Armed Forces Mental Health First Aid (MHFA) instructor Major Pauline Murray-Knight, of the Adjutant General’s Corps (AGC), has been recognised in the Queen’s birthday honours list.

Nottingham-based Major Pauline Murray-Knight received an MBE in recognition of her selfless work as an advocate for mental health support in the military community, and her work as a Mental Health First Aid instructor.

Reflecting on the prestigious recognition, Major Murray-Knight said: “It’s really nice that someone has recognised me in this way. It will give me more opportunity to promote mental health and awareness. I get immense job satisfaction. Helping others is the best part of my job.”

Her citation states: “She has selflessly supported mental health initiatives and shown endless capacity to provide welfare support to those in need. (…) Her work has benefitted many Forces’ families, including those of soldiers killed, injured or traumatised on operations.”

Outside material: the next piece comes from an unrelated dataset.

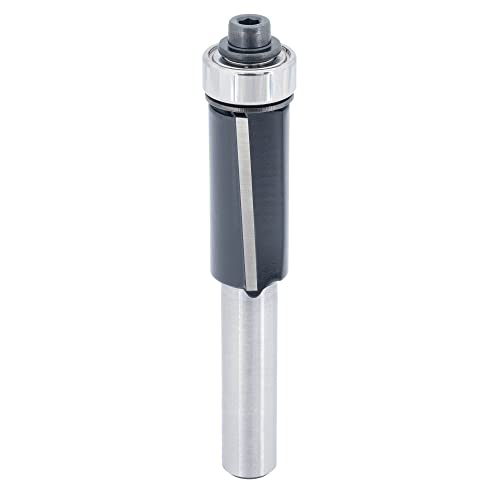 ENT 13460 Bündigfräser HW, Schaft (S) 8 mm, Durchmesser (D) 12,7 mm, NL 25,4 mm, SL 32 mm, GL 69 mm, mit Achswinkel und mit Kugellager strinseitig von ENT European Norm Tools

Long periods of time away from family during service, exposure to high stress situations and trauma, and the difficulty of adjusting between military and civilian life – all can impact on the mental health of military personnel, veterans and their families. The most common ways these stressors impact on members of the Armed Forces are depression, anxiety, adjustment disorders, post-traumatic stress disorder, and alcohol misuse.

MHFA training courses teach people to spot the signs and symptoms of mental health issues, offer initial help and guide a person towards support. Developed in collaboration with the UK’s leading military support charities, Armed Forces MHFA is tailored to the unique culture and mental health needs of the military community.